● Exercise brief
This exercise calls for an exact copy of the listing, with no pictures kept.

● Given material
———

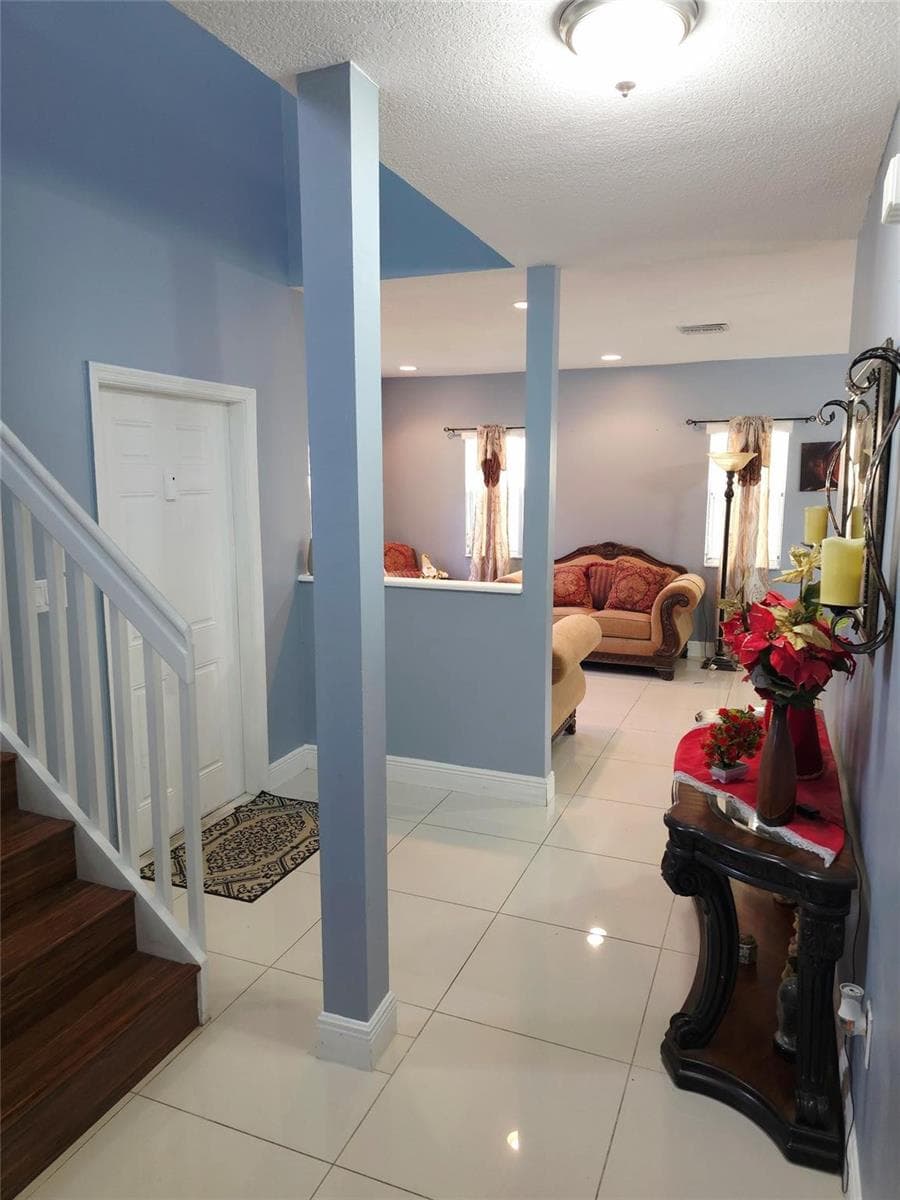 21053 SW 88th Place, Cutler Bay FL 33189 — 12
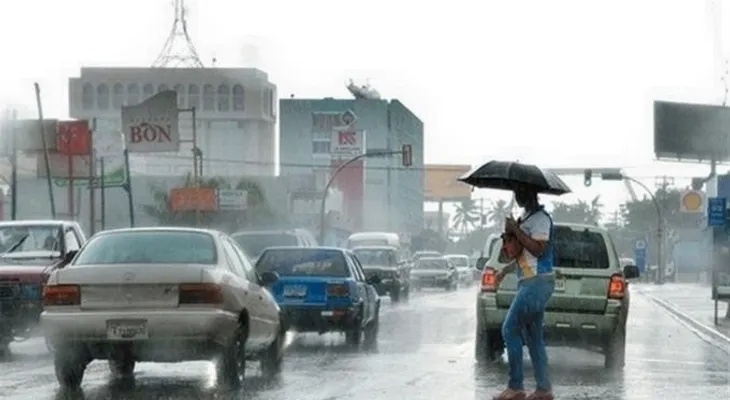 Vaguada y baja presión mantienen aguaceros y tronadas este sábado en el país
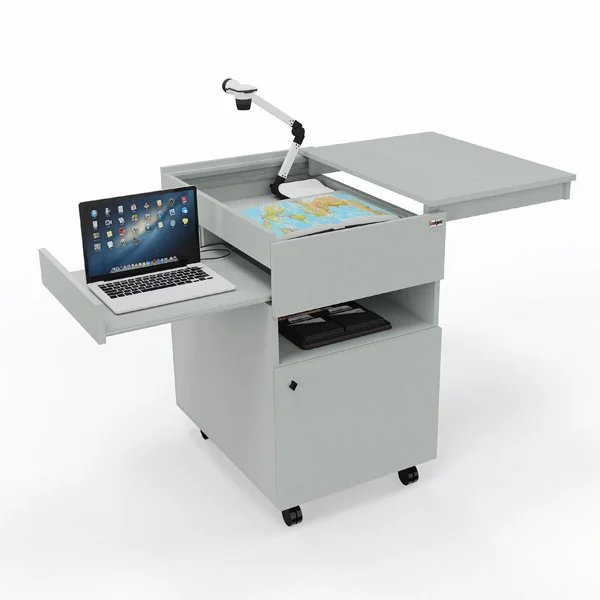 Ein Tisch mit einem Rotationsscanner, einem Laptop und einem geöffneter Schublade mit Dokumenten.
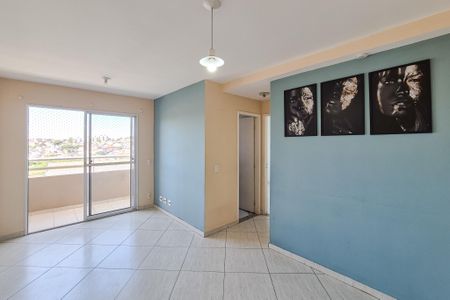 Sala de apartamento para alugar com 2 quartos, 56m² em Conjunto Residencial Pombeva, São Bernardo do Campo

———

● Response box
 21053 SW 88th Place, Cutler Bay FL 33189 — 12
 Vaguada y baja presión mantienen aguaceros y tronadas este sábado en el país
 Ein Tisch mit einem Rotationsscanner, einem Laptop und einem geöffneter Schublade mit Dokumenten.
 Sala de apartamento para alugar com 2 quartos, 56m² em Conjunto Residencial Pombeva, São Bernardo do Campo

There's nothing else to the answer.